Count the lines below containing "Cotton". Number only.

_MATERIAL SHOWN_.
■ ■ ■ ■ ■

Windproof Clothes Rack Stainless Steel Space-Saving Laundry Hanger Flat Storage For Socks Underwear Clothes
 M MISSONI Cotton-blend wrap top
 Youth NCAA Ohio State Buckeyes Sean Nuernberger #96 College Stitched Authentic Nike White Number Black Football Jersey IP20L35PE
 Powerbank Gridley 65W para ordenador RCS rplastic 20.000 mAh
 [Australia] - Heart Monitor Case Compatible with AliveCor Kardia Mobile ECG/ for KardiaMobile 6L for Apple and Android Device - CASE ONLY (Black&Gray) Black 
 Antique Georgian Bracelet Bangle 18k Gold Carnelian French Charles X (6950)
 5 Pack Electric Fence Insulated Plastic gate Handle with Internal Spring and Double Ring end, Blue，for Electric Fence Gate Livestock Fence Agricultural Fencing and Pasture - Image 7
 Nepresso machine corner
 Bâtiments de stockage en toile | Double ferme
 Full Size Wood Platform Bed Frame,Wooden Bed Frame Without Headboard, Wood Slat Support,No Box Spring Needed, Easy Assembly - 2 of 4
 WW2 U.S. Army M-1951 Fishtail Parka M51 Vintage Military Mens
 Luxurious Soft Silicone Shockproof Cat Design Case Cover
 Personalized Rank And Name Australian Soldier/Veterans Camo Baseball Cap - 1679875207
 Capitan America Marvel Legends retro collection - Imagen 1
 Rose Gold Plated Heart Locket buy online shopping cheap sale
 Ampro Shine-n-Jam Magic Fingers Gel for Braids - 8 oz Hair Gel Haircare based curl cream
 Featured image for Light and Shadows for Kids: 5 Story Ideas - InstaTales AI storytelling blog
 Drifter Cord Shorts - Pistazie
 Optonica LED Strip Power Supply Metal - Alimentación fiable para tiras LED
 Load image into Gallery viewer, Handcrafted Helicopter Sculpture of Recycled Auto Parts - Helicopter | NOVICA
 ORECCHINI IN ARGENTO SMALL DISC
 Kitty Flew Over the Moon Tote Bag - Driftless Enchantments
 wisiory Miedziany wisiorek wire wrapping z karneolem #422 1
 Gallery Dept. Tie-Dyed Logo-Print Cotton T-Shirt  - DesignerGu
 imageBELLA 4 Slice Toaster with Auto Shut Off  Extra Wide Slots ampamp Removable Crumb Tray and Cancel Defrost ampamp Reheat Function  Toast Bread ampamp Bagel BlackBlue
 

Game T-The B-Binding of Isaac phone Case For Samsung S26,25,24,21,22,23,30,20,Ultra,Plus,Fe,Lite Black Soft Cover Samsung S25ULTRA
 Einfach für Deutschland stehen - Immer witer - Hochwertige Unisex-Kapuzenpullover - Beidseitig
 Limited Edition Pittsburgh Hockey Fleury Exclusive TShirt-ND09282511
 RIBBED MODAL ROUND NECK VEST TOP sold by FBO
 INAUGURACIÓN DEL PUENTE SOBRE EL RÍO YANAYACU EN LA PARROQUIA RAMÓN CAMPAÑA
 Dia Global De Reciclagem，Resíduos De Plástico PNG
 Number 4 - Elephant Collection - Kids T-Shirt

■ ■ ■ ■ ■

_RESPONSE TO THE TASK_. 2